Estoy muy, muy rallado, resulta que hoy ha habido un despido en la tienda y S, la muy… no saldrán de mis manos ni mi boca esos adjetivos calificativos que la iba a dedicar.
Resulta que la muy sin vergüenza, me dice a mí que no la escriba porque te sientes agobiada si lo hago y ¿tú?, tú me escribes porque te mata la curiosidad de qué ha pasado con una compañera.
Sé perfectamente lo que ha pasado, he leído y he firmado la carta con todo lo ocurrido, me han pedido que no comente los motivos con nadie de la plantilla, obviamente, te lo diría, para mí, eres mi todo tanto dentro como fuera pero, ¿no has sido capaz de preguntarme cómo tengo la boca después de pedirte ayuda el jueves? ¿después de pedirte, por favor, un puto plato de comida que llevarme a la boca? Y ahora, ¿ahora me escribes para esto?

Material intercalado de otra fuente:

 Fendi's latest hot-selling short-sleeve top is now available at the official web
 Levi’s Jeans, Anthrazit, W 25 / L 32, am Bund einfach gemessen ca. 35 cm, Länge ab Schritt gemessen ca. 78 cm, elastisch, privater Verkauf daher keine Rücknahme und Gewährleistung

Son aptitudes que me causan vergüenza, ahora mismo después de los últimos desplantes, de las últimas mentiras y los últimos engaños… me causa asco y lo único que consigue que te vea con ojos diferentes son estos putos sentimientos que albergo hacia ti y que aunque sea difícil conseguiré desgarrar de mis adentros.
No te odio, porque te quiero pero, quizás (después de estos días en que me estoy dando cuenta de muchas cosas) un poco menos.